Last month, meanwhile, Boston Consulting Group announced predictions that a “manufacturing renaissance” would occur within the next five years, explaining that rising Chinese labor costs, among other factors, would spur repatriation of manufacturing operations.

“All over China, wages are climbing at 15 to 20 percent a year because of the supply-and-demand imbalance for skilled labor,” said Harold L. Sirkin, a BCG senior partner. “We expect net labor costs for manufacturing in China and the U.S. to converge by around 2015. As a result of the changing economics, you’re going to see a lot more products ‘Made in the USA’ in the next five years.”

According to BCG, the trend has already begun:

Caterpillar Inc., for example, announced last year the expansion of its U.S. operations with the construction of a new 600,000-square-foot hydraulic excavator manufacturing facility in Victoria, Texas. Once fully operational, the plant is expected to employ more than 500 people and will triple the company’s U.S.-based excavator capacity.

“Victoria’s proximity to our supply base, access to ports and other transportation, as well as the positive business climate in Texas made this the ideal site for this project,” said Gary Stampanato, a Caterpillar vice president.

NCR Corp. announced in late 2009 that it was bringing back production of its ATMs to Columbus, Georgia, in order to decrease the time to market, increase internal collaboration, and lower operating costs. And toy manufacturer Wham-O Inc. last year returned 50 percent of its Frisbee production and its Hula Hoop production from China and Mexico to the U.S.

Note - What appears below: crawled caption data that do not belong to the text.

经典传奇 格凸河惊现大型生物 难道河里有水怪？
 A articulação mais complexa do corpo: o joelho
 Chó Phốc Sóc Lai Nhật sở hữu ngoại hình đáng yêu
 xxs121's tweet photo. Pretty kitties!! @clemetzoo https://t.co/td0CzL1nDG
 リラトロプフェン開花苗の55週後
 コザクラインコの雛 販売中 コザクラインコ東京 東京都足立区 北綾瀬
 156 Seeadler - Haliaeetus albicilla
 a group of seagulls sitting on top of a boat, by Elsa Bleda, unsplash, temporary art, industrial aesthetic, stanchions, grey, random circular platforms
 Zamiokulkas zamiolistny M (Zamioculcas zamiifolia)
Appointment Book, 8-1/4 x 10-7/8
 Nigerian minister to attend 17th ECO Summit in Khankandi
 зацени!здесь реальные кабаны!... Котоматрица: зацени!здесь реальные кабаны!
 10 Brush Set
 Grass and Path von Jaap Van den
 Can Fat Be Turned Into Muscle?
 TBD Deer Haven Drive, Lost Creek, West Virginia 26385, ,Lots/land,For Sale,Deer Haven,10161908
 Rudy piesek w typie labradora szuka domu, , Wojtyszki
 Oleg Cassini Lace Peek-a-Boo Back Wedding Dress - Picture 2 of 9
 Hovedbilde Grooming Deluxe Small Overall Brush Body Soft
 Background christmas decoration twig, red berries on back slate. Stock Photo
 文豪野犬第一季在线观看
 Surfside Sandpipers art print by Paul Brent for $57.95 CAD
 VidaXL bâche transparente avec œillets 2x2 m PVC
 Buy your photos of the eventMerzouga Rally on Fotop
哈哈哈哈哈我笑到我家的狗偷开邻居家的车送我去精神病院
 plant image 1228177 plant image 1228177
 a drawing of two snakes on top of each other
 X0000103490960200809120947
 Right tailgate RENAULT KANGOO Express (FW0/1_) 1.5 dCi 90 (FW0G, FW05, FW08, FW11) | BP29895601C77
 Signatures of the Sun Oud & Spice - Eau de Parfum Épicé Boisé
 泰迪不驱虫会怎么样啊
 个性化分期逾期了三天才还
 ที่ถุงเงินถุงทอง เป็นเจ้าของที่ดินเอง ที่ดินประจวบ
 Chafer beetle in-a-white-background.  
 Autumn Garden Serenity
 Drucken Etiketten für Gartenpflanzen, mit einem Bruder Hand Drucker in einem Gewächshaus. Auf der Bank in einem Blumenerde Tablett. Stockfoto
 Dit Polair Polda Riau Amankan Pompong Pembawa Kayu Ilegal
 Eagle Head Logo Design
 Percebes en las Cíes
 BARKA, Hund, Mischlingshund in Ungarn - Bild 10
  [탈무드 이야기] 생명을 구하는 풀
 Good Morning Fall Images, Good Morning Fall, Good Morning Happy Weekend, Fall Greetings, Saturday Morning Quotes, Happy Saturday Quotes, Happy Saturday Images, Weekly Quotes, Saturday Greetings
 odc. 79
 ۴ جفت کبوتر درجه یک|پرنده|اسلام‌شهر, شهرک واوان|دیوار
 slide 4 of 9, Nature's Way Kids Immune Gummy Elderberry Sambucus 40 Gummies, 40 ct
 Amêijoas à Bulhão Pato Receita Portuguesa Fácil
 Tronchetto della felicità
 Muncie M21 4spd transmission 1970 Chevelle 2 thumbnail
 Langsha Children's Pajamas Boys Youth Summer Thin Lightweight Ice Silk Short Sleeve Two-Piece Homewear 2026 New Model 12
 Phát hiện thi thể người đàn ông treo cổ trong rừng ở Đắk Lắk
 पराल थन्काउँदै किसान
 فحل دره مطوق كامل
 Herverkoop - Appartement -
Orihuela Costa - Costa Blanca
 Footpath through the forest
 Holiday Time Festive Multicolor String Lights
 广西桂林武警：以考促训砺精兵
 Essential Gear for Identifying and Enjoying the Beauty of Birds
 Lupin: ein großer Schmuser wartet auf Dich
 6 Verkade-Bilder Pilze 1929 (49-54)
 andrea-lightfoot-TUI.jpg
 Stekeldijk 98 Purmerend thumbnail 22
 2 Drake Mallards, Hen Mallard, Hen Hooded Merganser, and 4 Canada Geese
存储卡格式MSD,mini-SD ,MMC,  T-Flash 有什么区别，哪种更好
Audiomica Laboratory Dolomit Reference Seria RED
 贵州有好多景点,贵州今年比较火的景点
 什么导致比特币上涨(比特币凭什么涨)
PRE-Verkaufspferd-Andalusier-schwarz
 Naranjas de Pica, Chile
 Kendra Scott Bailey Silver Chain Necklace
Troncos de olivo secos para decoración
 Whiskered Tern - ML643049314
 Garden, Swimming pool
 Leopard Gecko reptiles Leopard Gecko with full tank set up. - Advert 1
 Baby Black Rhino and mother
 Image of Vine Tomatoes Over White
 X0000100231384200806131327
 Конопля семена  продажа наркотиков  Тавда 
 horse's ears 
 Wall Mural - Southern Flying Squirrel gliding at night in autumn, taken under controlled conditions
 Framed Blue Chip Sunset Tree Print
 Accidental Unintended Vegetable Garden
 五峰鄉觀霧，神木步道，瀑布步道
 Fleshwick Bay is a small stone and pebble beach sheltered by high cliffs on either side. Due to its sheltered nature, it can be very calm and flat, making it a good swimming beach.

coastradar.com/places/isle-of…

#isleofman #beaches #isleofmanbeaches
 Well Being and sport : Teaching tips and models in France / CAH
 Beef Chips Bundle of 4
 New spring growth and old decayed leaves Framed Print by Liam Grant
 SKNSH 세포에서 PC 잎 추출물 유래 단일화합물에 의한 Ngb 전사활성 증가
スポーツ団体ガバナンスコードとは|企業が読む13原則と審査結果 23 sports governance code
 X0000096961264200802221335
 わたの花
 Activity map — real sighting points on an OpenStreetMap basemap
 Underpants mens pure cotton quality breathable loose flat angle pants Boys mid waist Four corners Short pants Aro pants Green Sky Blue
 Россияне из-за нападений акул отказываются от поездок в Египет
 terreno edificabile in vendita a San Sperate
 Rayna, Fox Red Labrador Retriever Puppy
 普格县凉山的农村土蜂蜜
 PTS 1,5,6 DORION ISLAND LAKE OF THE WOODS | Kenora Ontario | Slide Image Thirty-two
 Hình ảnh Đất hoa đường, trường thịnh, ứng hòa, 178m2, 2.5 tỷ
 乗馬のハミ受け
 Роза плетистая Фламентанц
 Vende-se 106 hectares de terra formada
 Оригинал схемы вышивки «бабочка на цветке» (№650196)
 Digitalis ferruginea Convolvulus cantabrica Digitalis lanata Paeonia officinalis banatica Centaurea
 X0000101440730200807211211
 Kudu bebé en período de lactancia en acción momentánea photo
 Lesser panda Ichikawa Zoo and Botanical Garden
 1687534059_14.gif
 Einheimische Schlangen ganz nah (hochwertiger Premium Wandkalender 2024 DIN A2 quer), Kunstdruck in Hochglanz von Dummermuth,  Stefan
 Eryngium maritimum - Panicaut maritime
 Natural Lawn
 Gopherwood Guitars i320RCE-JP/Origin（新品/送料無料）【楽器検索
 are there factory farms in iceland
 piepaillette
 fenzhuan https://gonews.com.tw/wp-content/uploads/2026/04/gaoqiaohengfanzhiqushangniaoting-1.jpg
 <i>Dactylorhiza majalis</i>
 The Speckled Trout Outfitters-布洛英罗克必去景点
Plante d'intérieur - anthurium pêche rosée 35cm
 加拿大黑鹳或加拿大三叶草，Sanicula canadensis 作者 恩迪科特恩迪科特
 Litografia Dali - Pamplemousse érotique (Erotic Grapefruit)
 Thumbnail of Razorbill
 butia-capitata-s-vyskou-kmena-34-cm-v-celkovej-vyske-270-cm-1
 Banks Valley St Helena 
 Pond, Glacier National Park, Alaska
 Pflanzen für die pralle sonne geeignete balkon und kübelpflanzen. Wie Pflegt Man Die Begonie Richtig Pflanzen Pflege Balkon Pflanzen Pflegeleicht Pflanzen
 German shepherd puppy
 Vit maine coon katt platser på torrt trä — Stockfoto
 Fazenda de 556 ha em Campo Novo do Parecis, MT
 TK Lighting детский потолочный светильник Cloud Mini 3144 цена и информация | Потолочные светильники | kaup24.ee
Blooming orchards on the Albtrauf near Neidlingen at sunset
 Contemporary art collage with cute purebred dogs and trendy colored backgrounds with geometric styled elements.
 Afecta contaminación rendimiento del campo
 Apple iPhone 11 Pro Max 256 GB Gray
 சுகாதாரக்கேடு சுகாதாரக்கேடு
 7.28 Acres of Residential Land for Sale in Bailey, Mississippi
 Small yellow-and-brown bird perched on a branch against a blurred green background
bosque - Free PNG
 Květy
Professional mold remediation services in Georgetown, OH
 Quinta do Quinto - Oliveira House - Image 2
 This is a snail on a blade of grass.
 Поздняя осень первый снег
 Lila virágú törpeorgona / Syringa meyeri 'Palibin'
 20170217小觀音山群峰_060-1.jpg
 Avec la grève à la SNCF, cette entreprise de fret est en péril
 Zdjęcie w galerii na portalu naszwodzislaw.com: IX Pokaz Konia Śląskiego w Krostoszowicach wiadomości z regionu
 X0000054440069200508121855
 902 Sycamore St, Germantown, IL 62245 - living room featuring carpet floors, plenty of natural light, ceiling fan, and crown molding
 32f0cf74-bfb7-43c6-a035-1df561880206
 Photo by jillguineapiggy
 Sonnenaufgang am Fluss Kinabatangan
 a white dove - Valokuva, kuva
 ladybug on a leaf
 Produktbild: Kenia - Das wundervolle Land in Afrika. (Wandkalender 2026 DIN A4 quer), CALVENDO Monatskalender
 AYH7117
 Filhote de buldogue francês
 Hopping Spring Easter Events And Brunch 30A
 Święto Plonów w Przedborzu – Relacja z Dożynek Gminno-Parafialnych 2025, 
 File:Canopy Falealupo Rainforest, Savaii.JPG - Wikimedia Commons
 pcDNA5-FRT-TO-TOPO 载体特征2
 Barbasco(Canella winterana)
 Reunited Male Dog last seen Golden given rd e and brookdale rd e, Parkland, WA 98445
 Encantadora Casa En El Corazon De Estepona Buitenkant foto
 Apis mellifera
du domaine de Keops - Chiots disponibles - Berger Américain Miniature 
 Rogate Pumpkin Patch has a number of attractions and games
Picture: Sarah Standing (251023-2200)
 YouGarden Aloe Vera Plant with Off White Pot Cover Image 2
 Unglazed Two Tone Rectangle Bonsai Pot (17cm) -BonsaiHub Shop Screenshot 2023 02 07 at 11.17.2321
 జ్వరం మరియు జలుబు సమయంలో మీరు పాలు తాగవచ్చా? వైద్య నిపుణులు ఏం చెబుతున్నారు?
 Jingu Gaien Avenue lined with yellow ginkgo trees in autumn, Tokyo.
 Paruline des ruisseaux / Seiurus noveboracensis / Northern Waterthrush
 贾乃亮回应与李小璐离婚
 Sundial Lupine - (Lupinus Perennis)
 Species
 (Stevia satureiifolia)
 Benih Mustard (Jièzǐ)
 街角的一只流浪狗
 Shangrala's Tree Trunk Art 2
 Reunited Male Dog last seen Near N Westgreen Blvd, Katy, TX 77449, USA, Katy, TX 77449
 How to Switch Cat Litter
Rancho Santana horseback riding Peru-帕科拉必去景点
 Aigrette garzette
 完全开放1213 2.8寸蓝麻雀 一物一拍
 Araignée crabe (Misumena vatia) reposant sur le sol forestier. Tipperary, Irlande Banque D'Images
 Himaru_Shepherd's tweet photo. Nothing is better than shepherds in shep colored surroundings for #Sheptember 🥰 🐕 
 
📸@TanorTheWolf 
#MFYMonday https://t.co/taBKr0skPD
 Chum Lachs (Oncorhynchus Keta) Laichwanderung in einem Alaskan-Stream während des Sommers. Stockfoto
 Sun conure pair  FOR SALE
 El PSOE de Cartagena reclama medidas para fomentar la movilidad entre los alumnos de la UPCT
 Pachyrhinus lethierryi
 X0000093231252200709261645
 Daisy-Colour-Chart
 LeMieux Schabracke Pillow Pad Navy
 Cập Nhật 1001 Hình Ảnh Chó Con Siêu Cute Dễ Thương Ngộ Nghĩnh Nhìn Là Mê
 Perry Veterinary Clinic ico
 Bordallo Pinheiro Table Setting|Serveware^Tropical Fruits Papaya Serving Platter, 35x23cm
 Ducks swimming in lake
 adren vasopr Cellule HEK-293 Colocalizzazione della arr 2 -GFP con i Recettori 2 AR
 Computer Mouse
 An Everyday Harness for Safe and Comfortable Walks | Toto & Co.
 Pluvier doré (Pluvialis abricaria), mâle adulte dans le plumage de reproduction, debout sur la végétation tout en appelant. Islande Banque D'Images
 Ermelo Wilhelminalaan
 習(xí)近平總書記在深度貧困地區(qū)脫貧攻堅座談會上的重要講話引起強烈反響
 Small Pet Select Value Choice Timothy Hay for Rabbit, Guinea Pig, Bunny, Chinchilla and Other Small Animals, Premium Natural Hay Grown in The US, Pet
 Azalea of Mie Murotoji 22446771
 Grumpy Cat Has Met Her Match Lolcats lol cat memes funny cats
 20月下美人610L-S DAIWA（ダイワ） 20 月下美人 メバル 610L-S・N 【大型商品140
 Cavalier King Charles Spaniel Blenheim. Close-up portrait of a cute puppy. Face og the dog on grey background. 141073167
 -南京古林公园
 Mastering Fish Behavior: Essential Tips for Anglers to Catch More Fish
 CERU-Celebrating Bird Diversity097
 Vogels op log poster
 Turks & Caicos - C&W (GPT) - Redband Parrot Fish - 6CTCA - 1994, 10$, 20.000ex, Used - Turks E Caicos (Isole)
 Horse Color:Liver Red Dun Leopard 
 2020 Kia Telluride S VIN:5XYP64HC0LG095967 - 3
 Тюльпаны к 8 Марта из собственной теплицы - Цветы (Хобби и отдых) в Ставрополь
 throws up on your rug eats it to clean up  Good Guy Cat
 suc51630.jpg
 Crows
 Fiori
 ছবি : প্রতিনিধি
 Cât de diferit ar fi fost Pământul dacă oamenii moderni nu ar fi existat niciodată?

Reuters reports that the onshoring trend will affect, in particular, the manufacture of “higher-value goods made in lower volumes, such as home appliances and construction equipment … especially if they are large and expensive to ship.” The four-year, $600 million expansion of General Electric Co’s appliance unit in Louisville, Kentucky is just one example. The company has said it plans to add 830 new jobs.

CNN, meanwhile, tells the story of Ebonite, a company that has brought its bowling pin production back to the U.S. CEO Randy Shickert explained the benefits of the move this way: “Here we’d have much better control over our manufacturing, our quality, and our cost structure,” adding that compared with the Mexican plant, “our actual dollars of labor per pin is less here in Hopkinville.”

These companies will, no doubt, be the first of many to bring manufacturing back home. And the impact on the economy remains to be seen.